Displacement currents, aren't really currents? I'm confused with this definition of displacement currents within capacitors via Wikipedia:

However it is not an electric current of moving charges, but a
  time-varying electric field.

It's a time-varying electric field, but there isn't any actual flow of current, while at the same time... it produces a magnetic field. It's counter-intuitive.
If air was in the center between the plates, it's possible to have some "current flow" due to atoms within the gas molecules, likewise, for a dielectric.
Yet, displacement currents aren't considered "real/free" current.
Could someone clarify this confusion for me.
How significantly different are displacement currents from normal/free currents?
 A: The effect you are describing was discovered theoretically by considering a though experiment (at least that is how many texts present it).  Ampere's law relates the line integral of the B field around a loop to the number of currents that pass through any surface bound by the loop.  The mathematical theorem is Stokes' theorem. 

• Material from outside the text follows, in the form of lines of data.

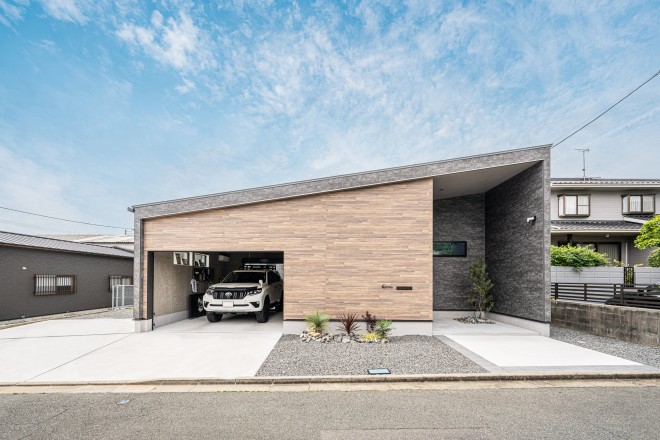 中庭×ガレージ、コの字で囲む大人の平屋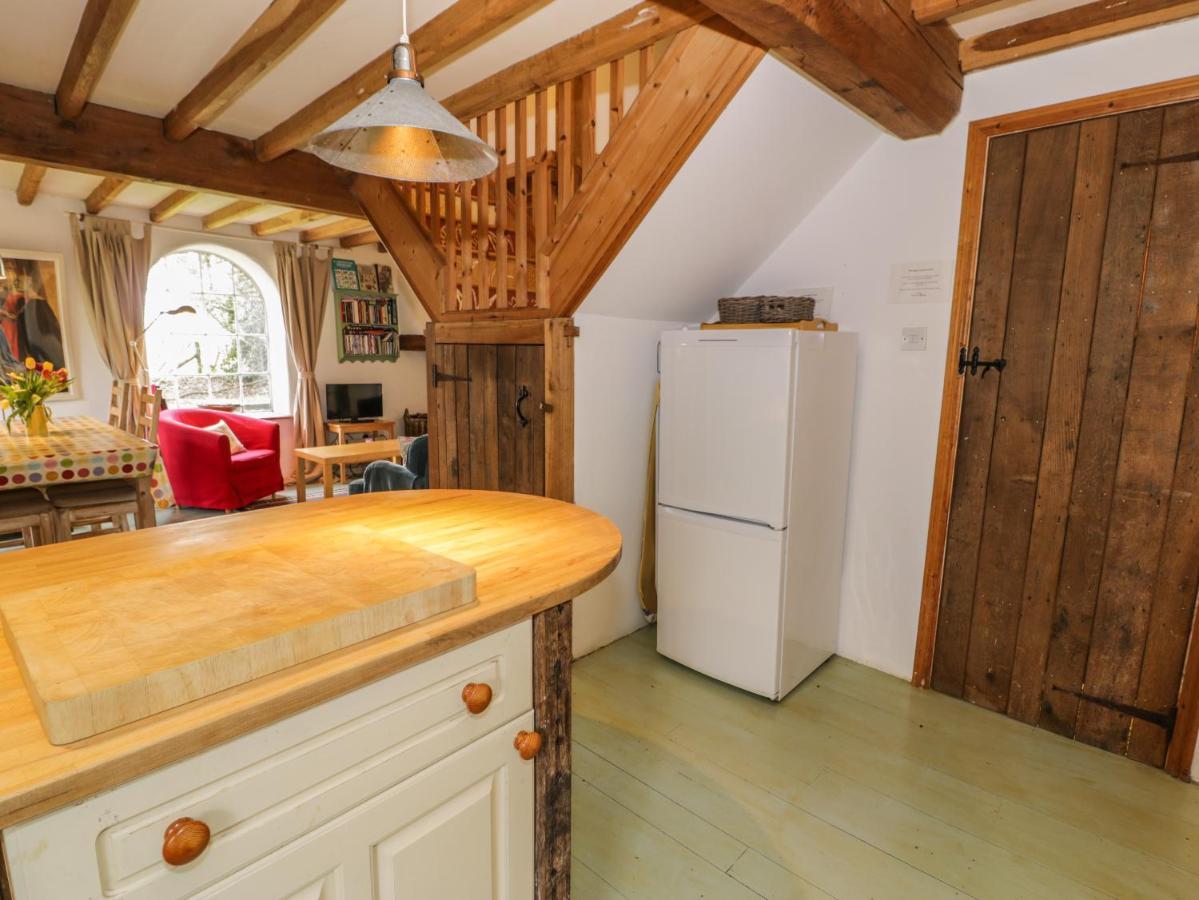 Beudy Dolpebyll Villa Llangadfan Buitenkant foto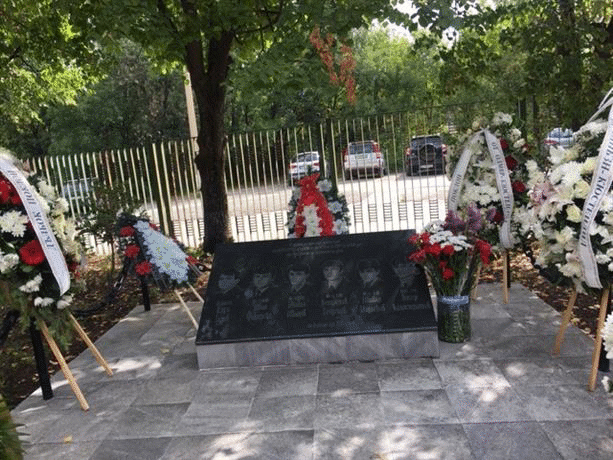 Поклон пред паметта на шестима полицаи и пожарникари, загинали при изпълнение на служебните си задължения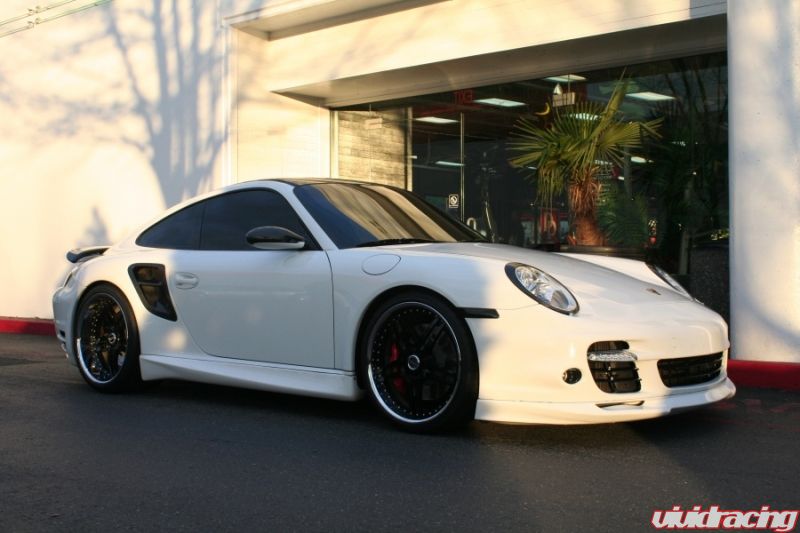 Leo's Vr825 Porsche 997 Turbo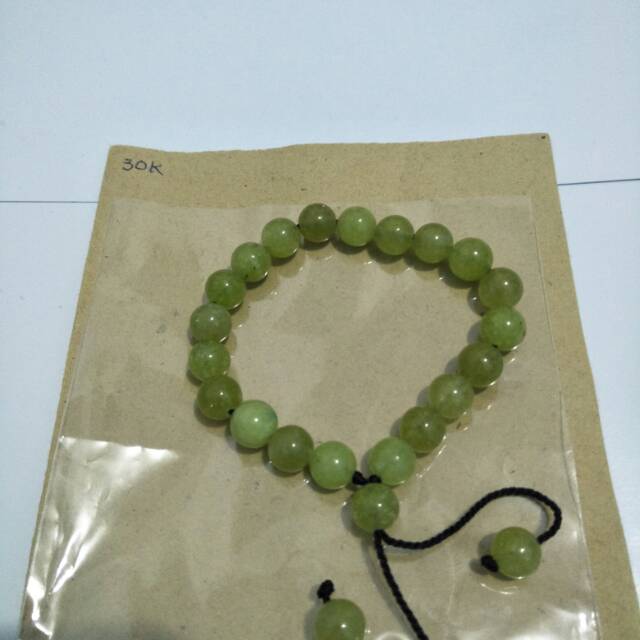 Gelang Batu Khas Kalimantan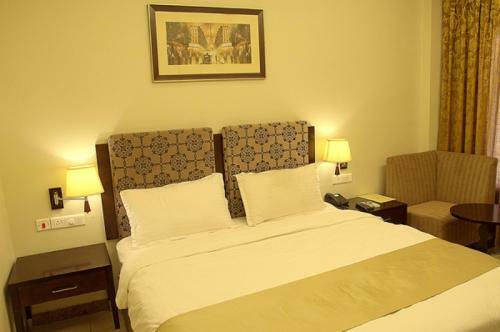Hotel Pramod Convention & Club Resort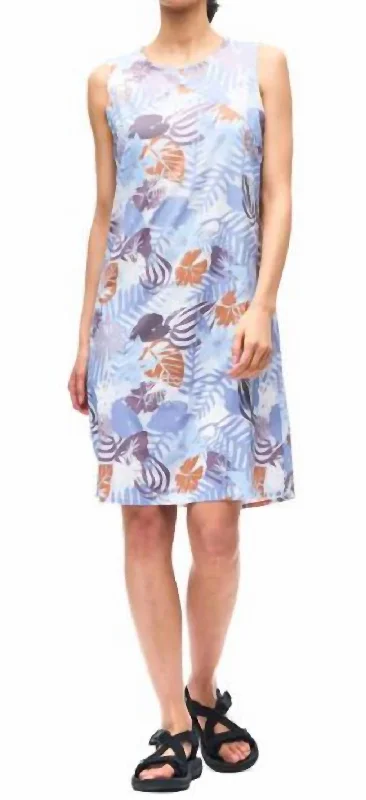 Stylish Women's Garments For Holidays Lieve Dress In Fresh Blue Botanical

When there is current in a wire there is a B field circulating around it.  The integral of this around a circle enclosing the wire is proportional to "I" poking through the surface bound by the curve.  The thought experiment goes something like this.  Consider a charging or discharging capacitor through a wire loop with some resistance.  For simplicity consider discharging.  The circuit seems to be a closed loop and while current is flowing there would be a B  field around the circuit.  Now, calculate the circulation of B around a circular loop that surrounds a segment of the wire and consider the flat plane surface bound by it.  Clearly the current in the wire pokes through this and Ampere's law holds.  But mathematically speaking to should hold for ALL surfaces bound by the curve.  Now consider a surface that is bound by the curve but morphed to pass through the space between the capacitor plates.  Clearly there is NO current poking through this surface but there is a circulation of B along the curve!  This lead to the realization that the changing E field acts as current and creates a B field.  Notice the choice of words "acts like".  The changing E field makes up for the discontinuity in I and the two work together to generate B.

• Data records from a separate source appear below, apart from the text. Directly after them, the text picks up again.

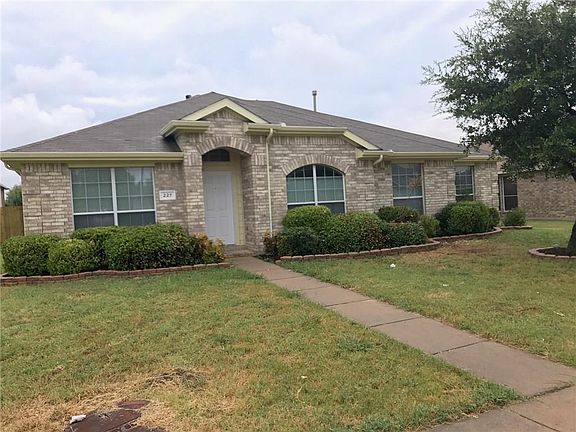 2nd image of 227 Laramie Ln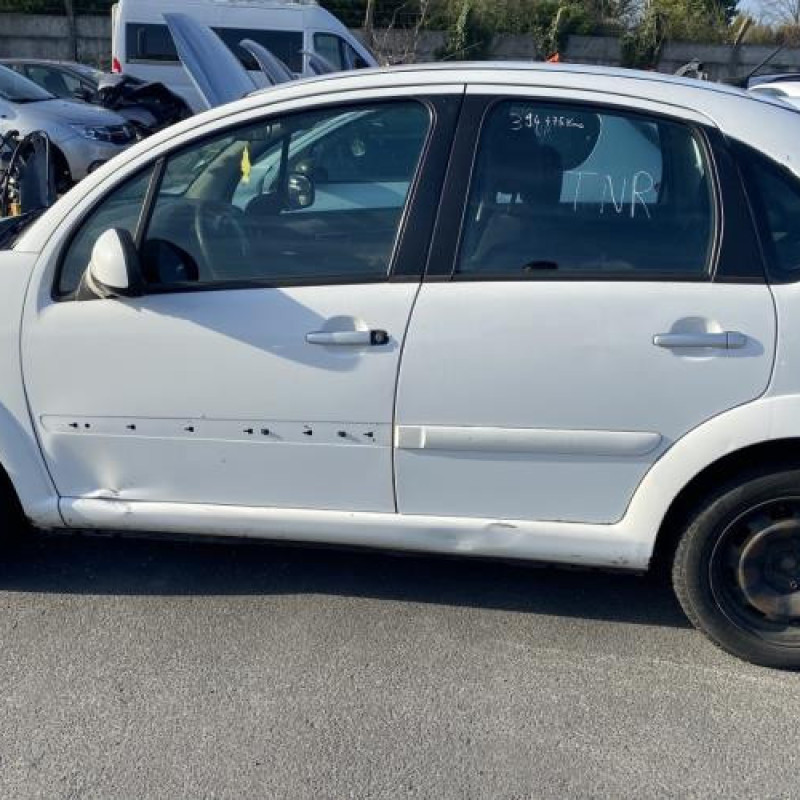 Feu arriere principal droit (feux) CITROEN C3 1 Photo n°9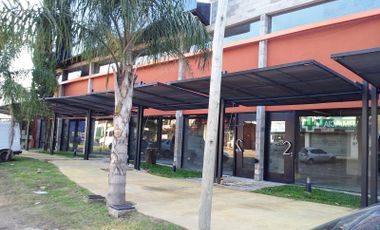 Deposito con racks y con local al publico y oficinas sobre Ruta 27 en alquiler, con gran visibilidad - Benavidez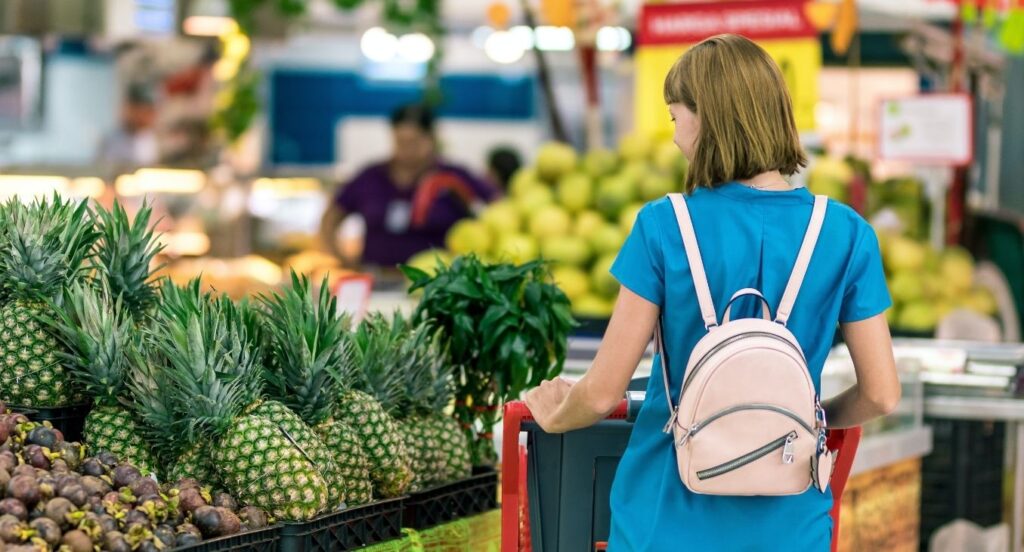 Auchan promete poupar 30% do desperdício alimentar com IA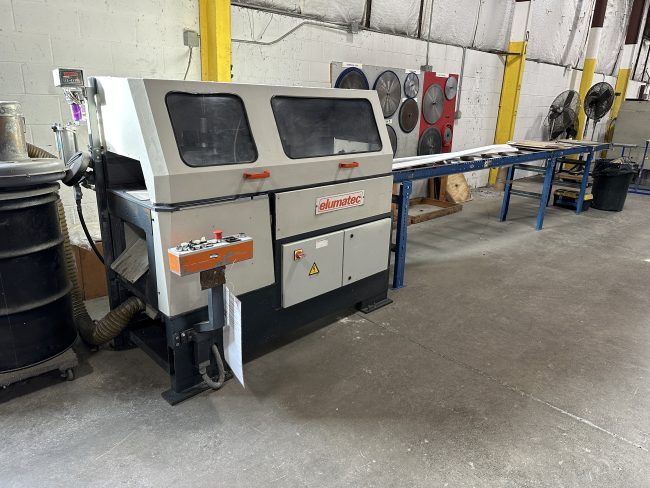 Used Elumatec SA 142/35 Automatic Cutting Machine | Elumatec 2002 – High-Volume Aluminum Profile Cutting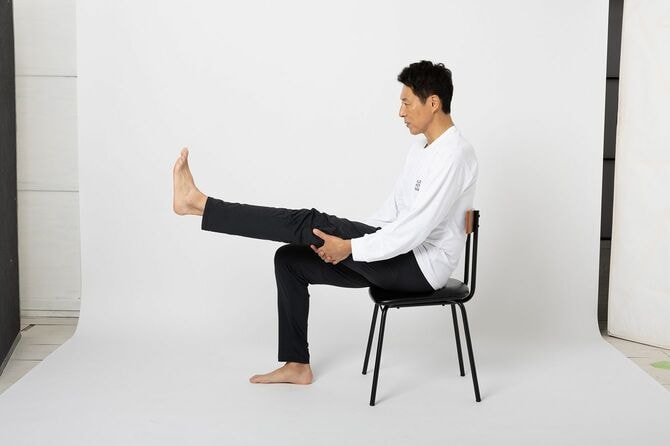 ストレッチをする松岡修造さん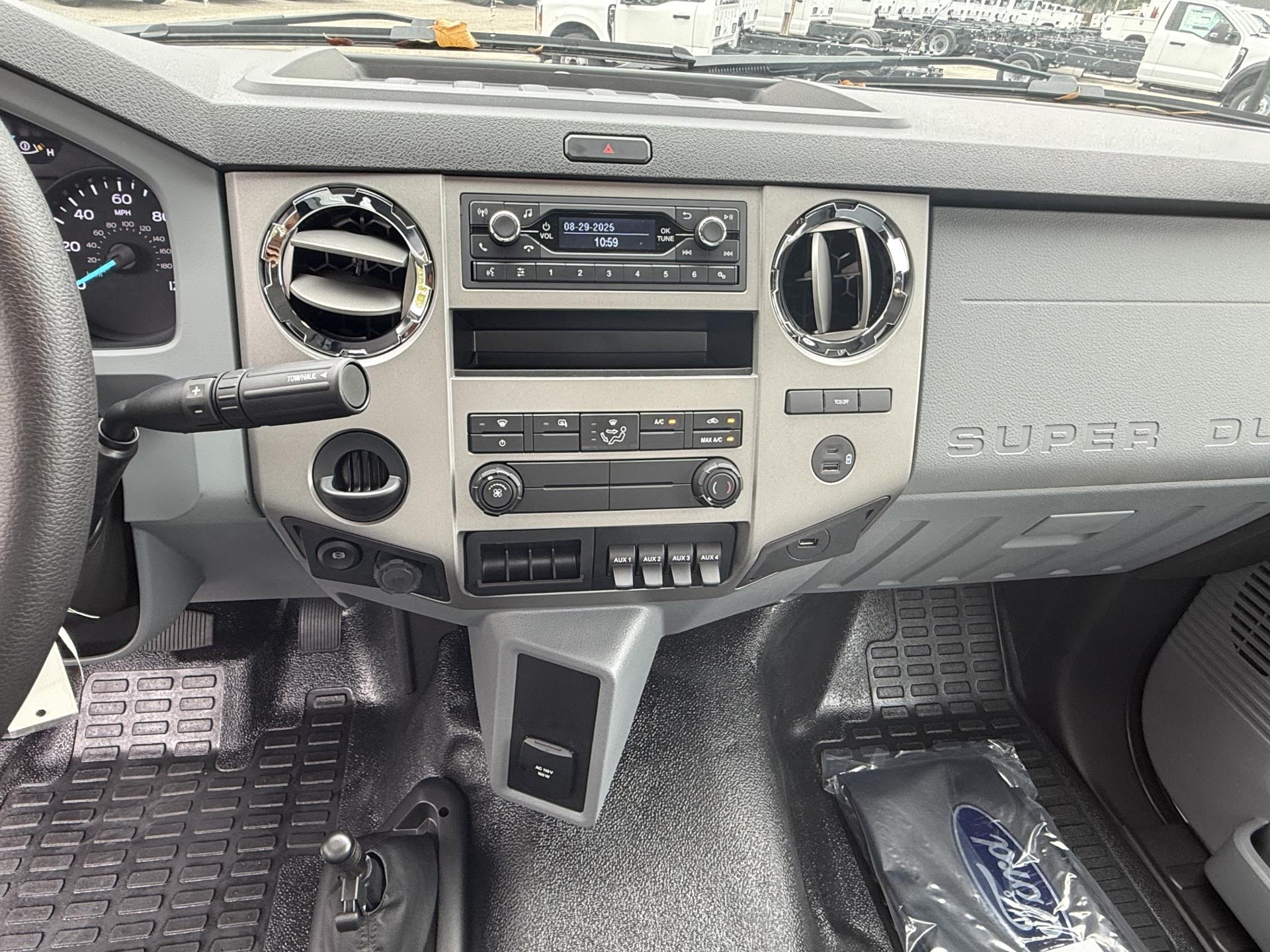 2026 Ford F-750 Regular Cab DRW 4x2 Cab Chassis for sale #1952243 - photo 12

This was not an easy thing to arrive at.  I agree with the comment that it is perhaps a poor choice of name but it has stuck over time.  

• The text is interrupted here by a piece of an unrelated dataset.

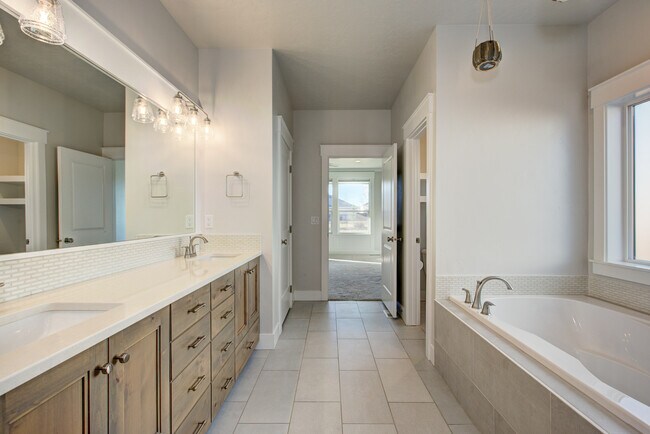 Building Photo - 2603 N Foudy Ave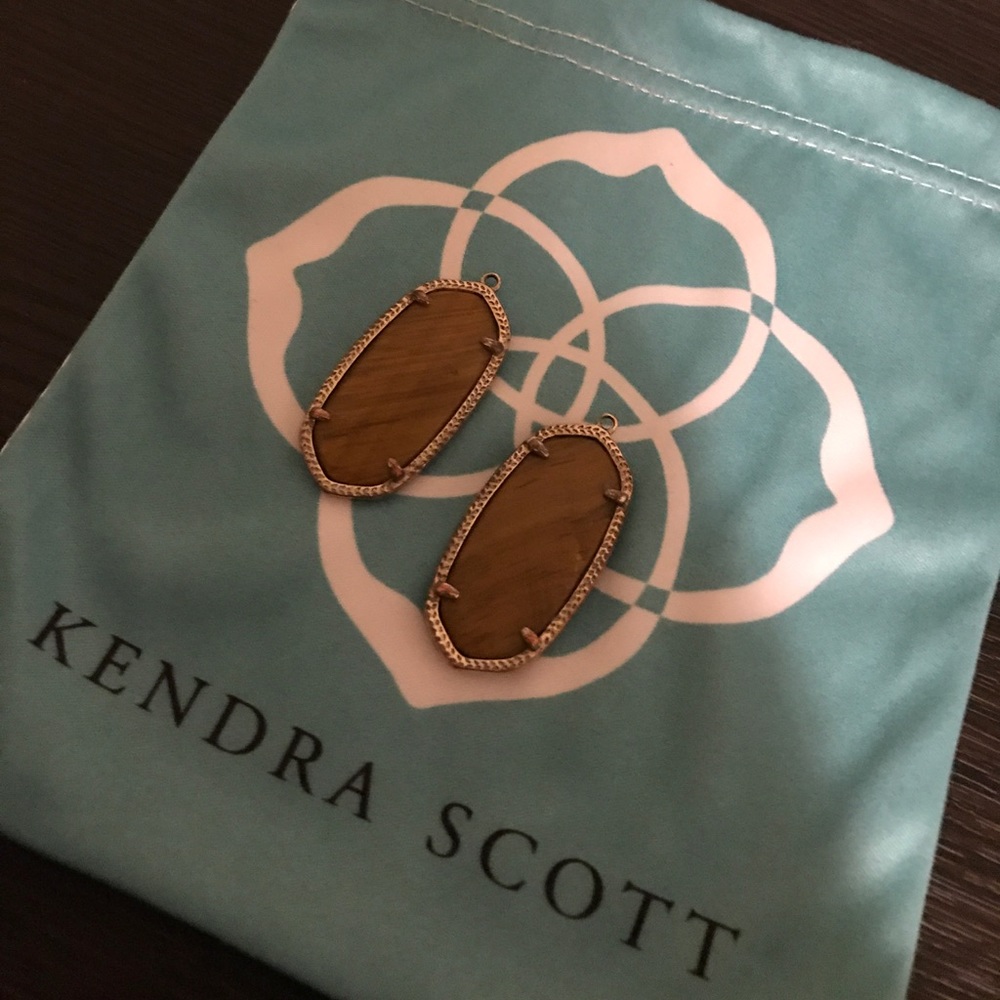 Brown Kendra Scott earrings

To answer your question directly, yes it is possible that with air or some other medium in the space a small current is set up but this is really more of a polarization effect that changes the capacitance.  It does not account for the phenomenon.  Also, in principle the effect has to be there in a vacuum and your proposed explanation would break down in that case.
(sorry for not posting a figure.  The description of Stokes' theorem and Ampere's law require 3-dim, at least).    
A: In the absence of current the Maxwell equation reads $\partial \vec E = \vec \nabla \times \vec B /c^2$. This equation means that both sides denote the very same thing. It does not mean that E induces B or vice versa.